Прижав горшок к груди, Усачева отвернулась от Марь Иванны и Чернецкой и принялась бормотать что-то, то глядя в пол, себе под ноги, то быстро взбрасывая глаза к потолку. До Марь Иванны и Чернецкой доносились обрывки ее бормотанья.
«Прибери, Михайло, кособрюхий, тебе подарочек, свечки огарочек… А мене окаяние, от людей наказание… Дуй — задуй — уф, уф!
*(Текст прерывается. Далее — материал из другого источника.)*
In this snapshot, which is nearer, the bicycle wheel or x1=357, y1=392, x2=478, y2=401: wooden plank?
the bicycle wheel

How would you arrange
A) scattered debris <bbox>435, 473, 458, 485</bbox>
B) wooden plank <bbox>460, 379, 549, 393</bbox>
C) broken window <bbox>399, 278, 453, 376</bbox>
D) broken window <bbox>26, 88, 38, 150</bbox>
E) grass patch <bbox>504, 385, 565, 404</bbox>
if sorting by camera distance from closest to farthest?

Да тебе, кособрюхому, угощеньице, а мене, красной девице, опрощеньице…»
Наконец Усачева кончила бормотать, несколько раз перекрестилась на самую темную и большую икону на стенке, поклонилась ей, перелила содержимое из горшка в бутыль и передала бутыль в крепкие руки Марь Иванны. Дрогнувшие, однако, и ото всего пережитого ослабевшие.
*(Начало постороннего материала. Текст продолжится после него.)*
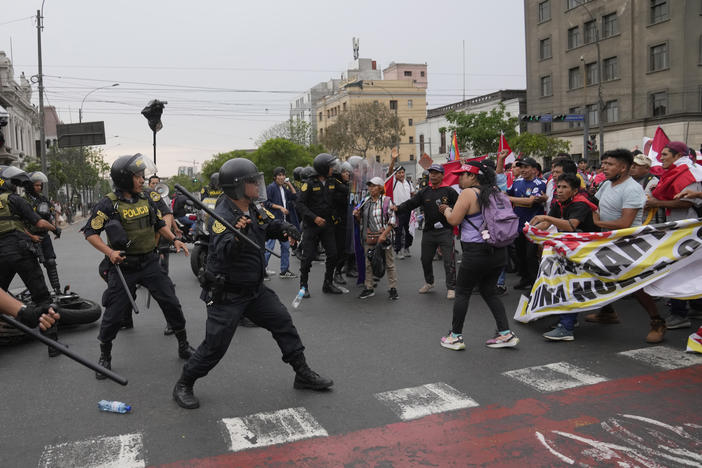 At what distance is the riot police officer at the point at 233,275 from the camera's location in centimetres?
451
В лагере как раз протрубили отбой, когда Марь Иванна с Чернецкой возвратились и сразу пошли на кухню, где Марь Иванна опять зажгла плиту, вскипятила огромный чайник, в котором по утрам варили какао, а по полдникам кофе, и через час принесла в палатку к Чернецкой чашку кипящей, темной, кисло пахнущей отравы. Отпила сперва сама, а потом дала — глот, глот, как учила Усачева — своей бедняжечке. Душа ее от этого успокоилась, но не до конца, к сожалению, потому что любовь к Чернецкой и страх за ее тоненькую, с нежной шейкой и темными ресничками жизнь так мучил Марь Иванну, что часа в три утра она не выдержала, подкралась к палатке мальчиков, поскреблась в нее и громко продышала в щель:
— Гена! Орлов! Геннадий! Выйди на улицу, помощь нужна!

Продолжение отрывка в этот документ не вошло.